Work task — Please print, exactly as written, the line containing "Cara ampuh hilangkan" and each line after it through the end of the material; pictures stay out.

+++ Data in this exercise +++

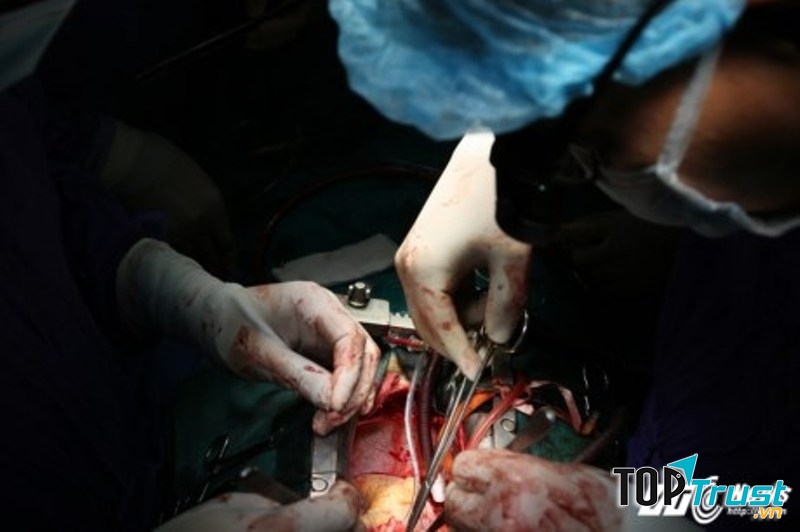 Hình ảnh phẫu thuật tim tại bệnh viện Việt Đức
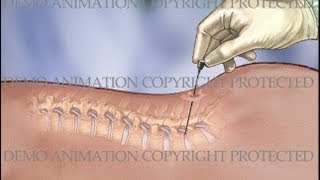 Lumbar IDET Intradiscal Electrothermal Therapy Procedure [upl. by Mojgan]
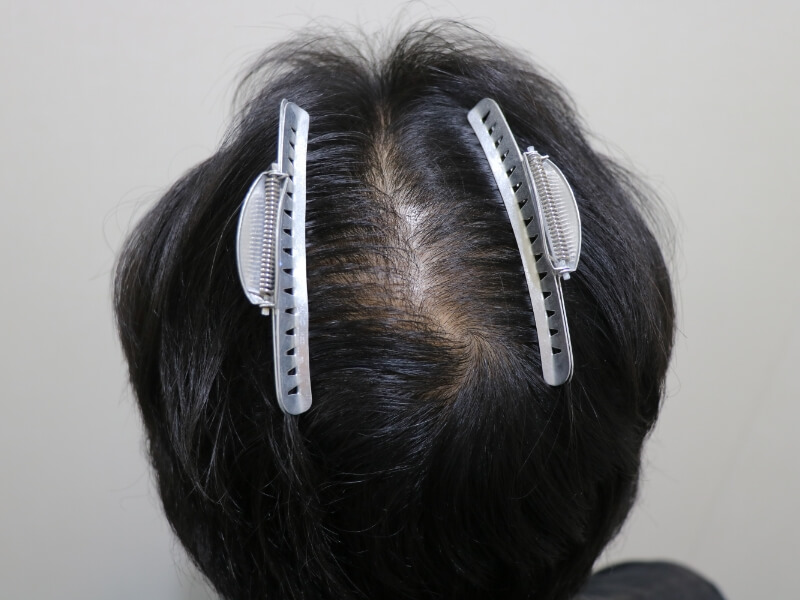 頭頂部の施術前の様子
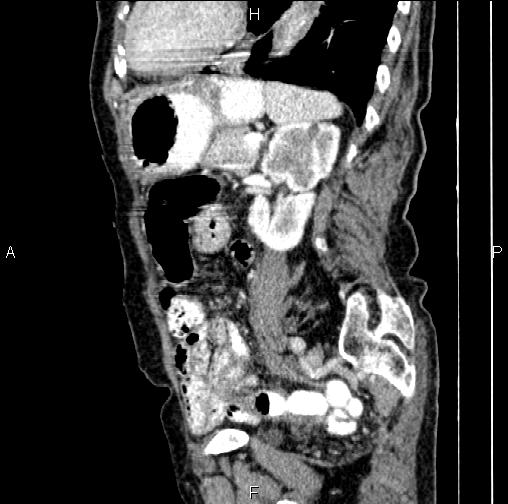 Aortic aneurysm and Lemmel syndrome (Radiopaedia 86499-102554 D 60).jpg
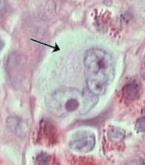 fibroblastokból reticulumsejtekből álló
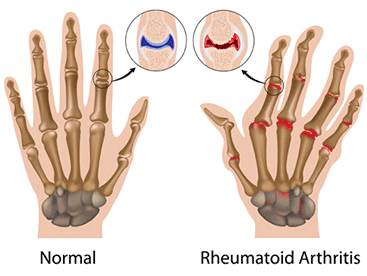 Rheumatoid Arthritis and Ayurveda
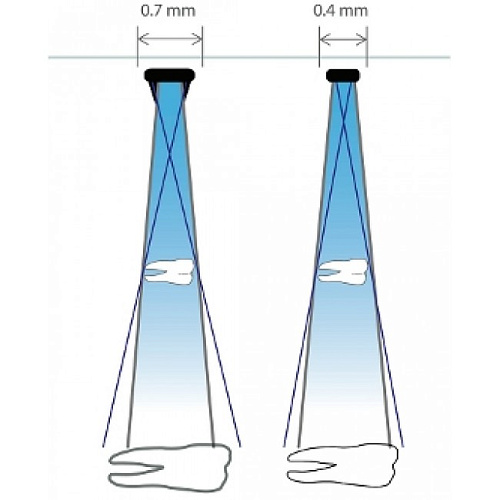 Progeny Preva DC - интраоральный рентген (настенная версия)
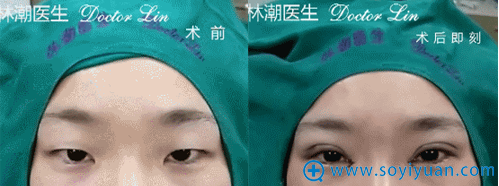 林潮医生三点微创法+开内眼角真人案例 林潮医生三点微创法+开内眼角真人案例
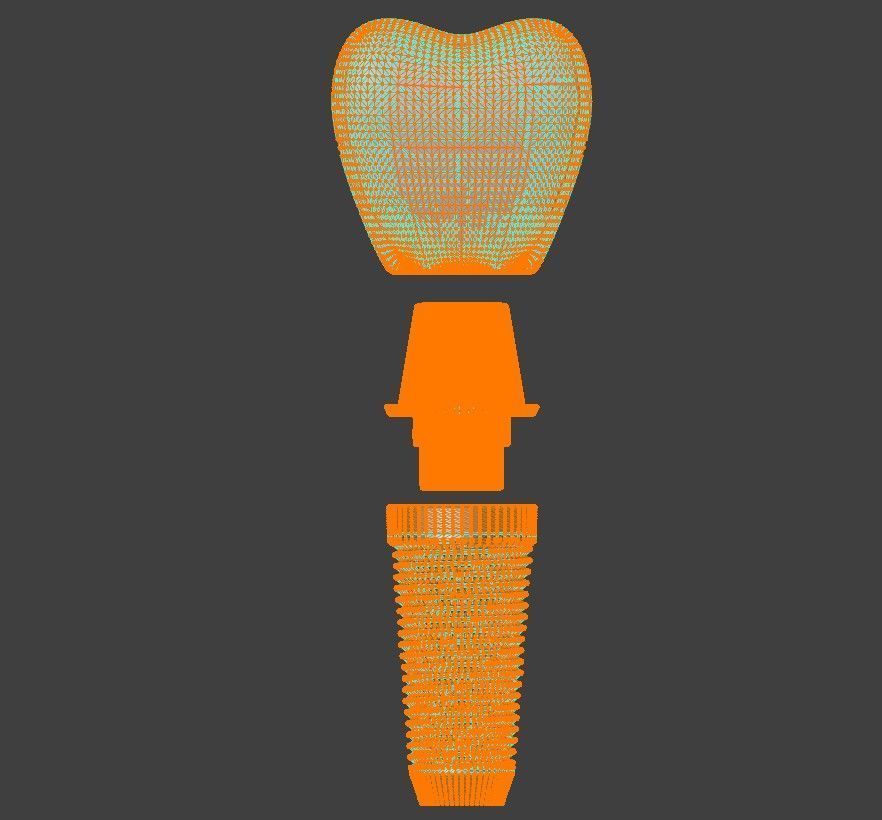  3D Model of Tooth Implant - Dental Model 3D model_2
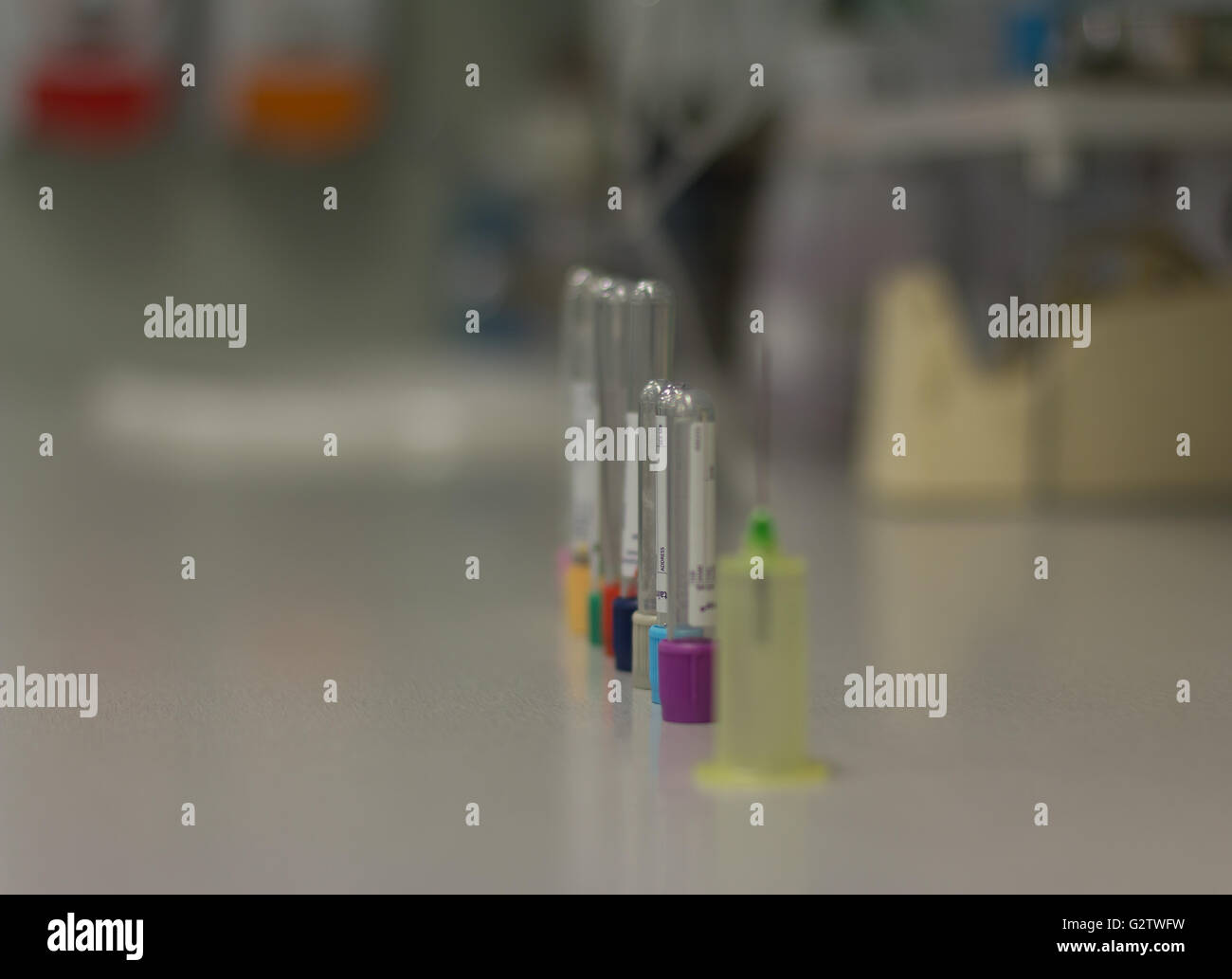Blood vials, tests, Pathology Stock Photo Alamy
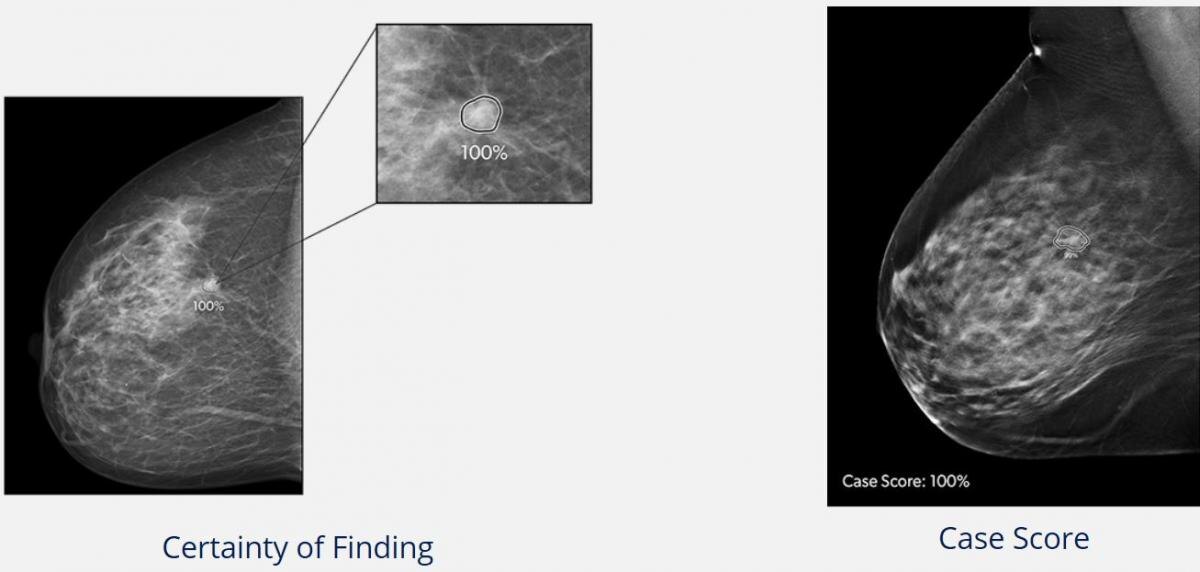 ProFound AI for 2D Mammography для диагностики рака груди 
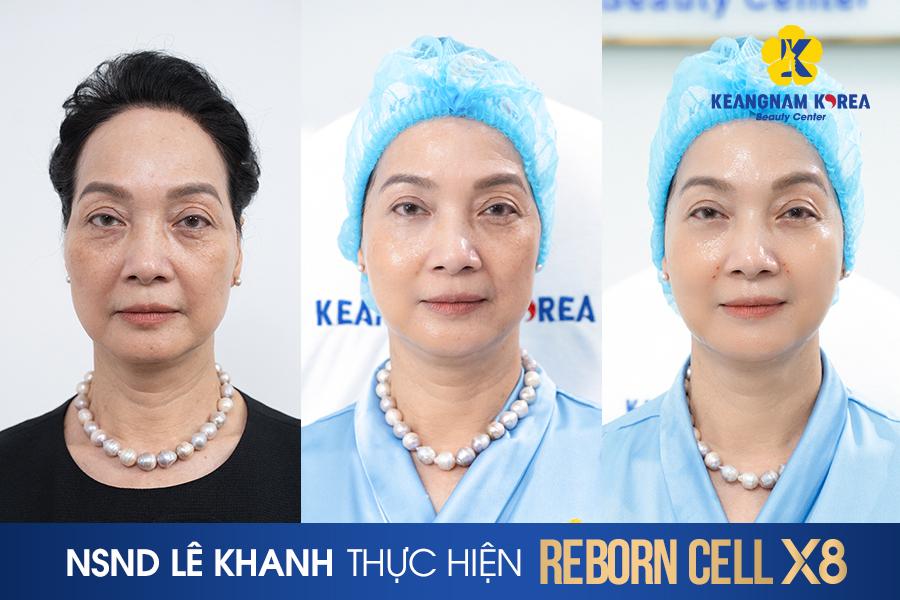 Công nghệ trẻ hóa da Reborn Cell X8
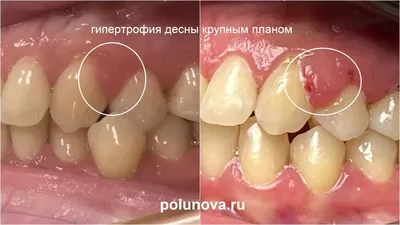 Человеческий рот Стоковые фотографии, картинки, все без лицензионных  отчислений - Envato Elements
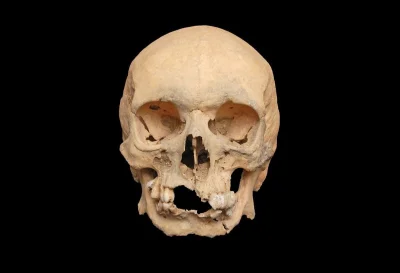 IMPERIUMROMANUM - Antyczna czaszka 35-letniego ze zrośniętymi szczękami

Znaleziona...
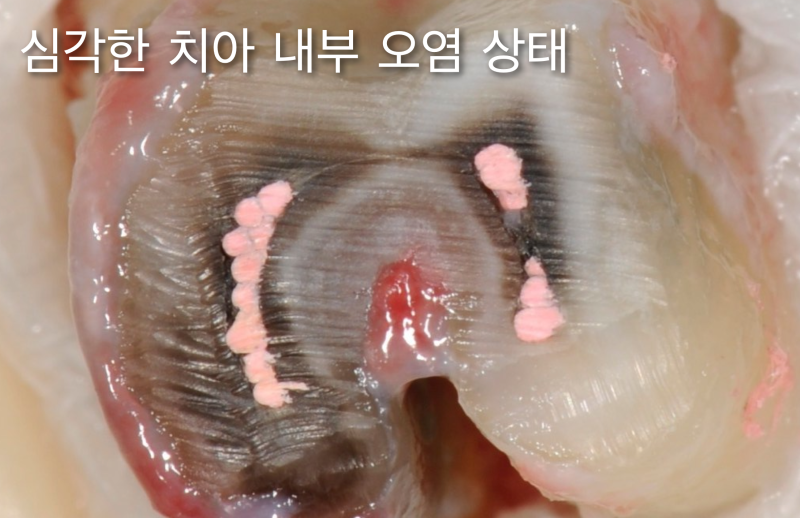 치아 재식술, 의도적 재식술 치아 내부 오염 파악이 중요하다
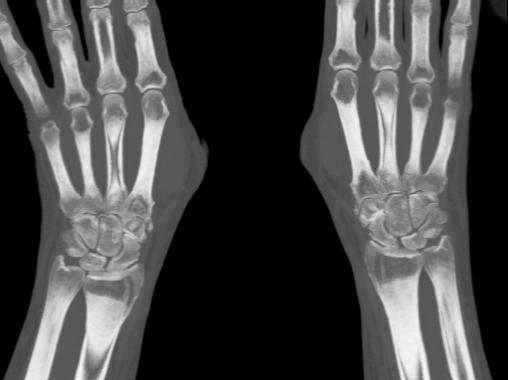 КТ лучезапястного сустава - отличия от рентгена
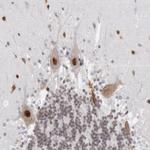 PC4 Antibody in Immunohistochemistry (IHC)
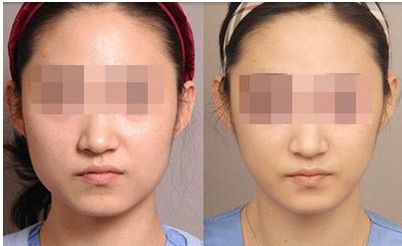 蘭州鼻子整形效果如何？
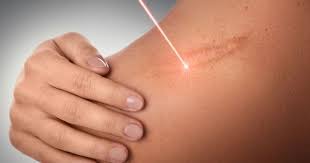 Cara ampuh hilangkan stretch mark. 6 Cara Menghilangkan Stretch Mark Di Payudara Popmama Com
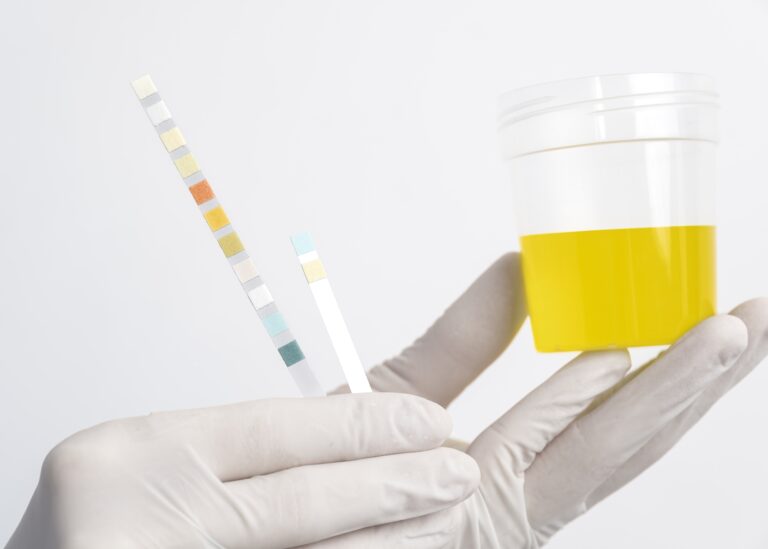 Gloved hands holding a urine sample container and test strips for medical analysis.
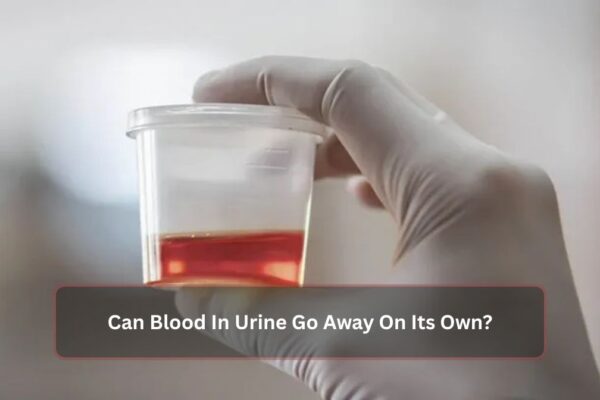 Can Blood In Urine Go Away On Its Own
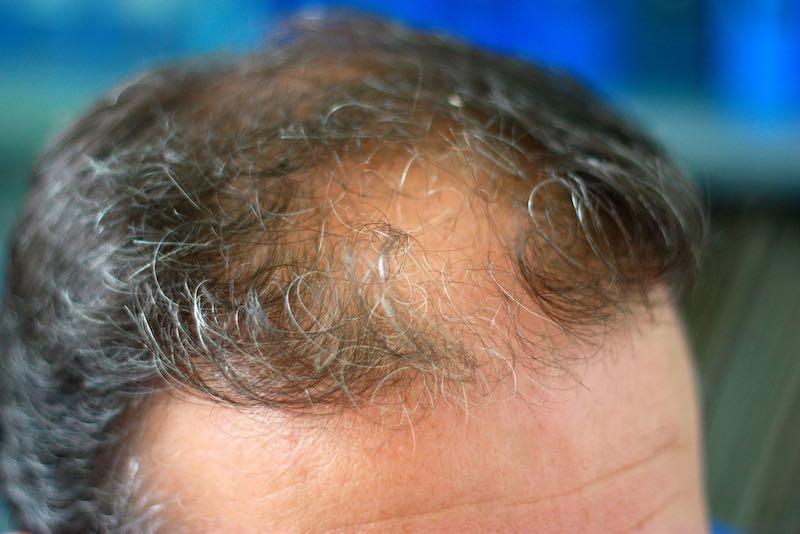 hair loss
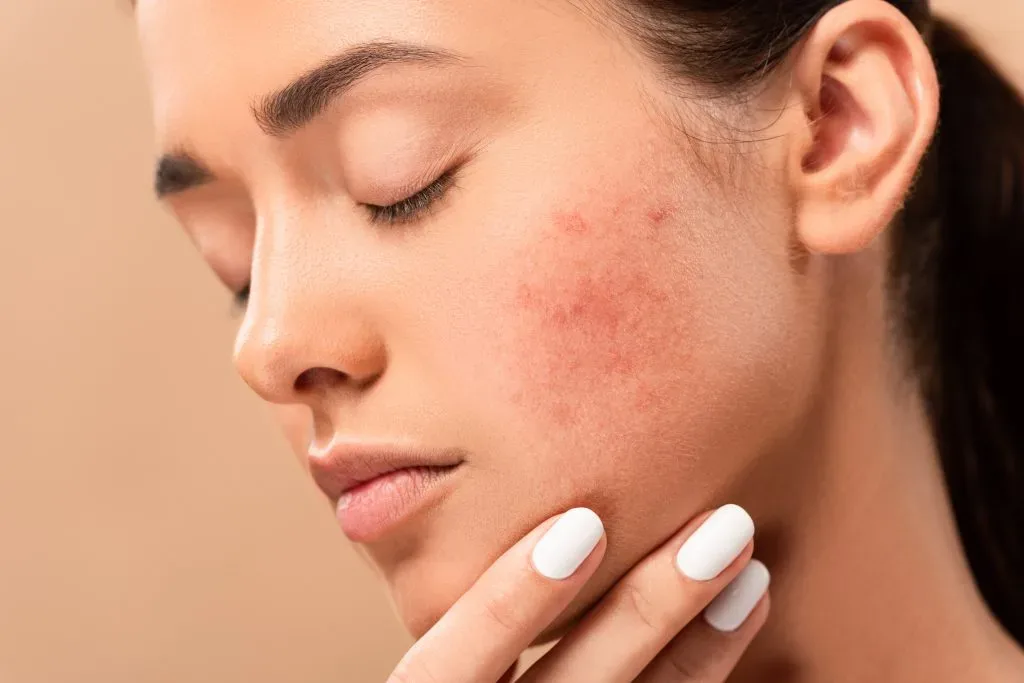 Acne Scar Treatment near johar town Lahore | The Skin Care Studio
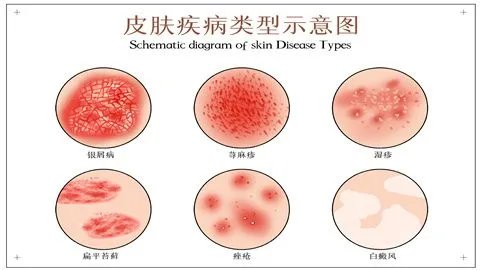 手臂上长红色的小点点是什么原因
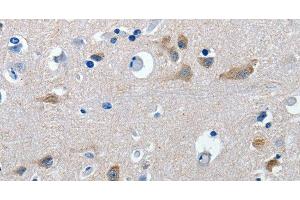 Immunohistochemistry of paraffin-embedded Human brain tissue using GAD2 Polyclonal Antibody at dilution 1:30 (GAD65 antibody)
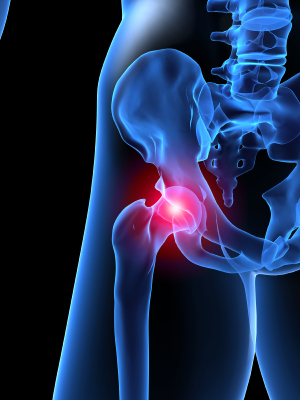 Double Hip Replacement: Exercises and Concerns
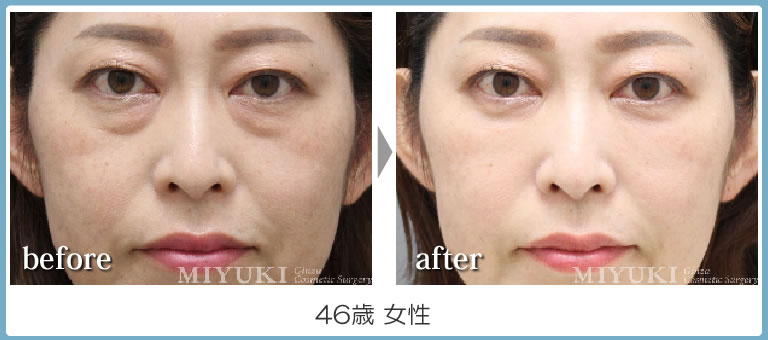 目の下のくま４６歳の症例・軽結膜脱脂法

+++

Task result —
 Cara ampuh hilangkan stretch mark. 6 Cara Menghilangkan Stretch Mark Di Payudara Popmama Com
 Gloved hands holding a urine sample container and test strips for medical analysis.
 Can Blood In Urine Go Away On Its Own
 hair loss
 Acne Scar Treatment near johar town Lahore | The Skin Care Studio
 手臂上长红色的小点点是什么原因
 Immunohistochemistry of paraffin-embedded Human brain tissue using GAD2 Polyclonal Antibody at dilution 1:30 (GAD65 antibody)
 Double Hip Replacement: Exercises and Concerns
 目の下のくま４６歳の症例・軽結膜脱脂法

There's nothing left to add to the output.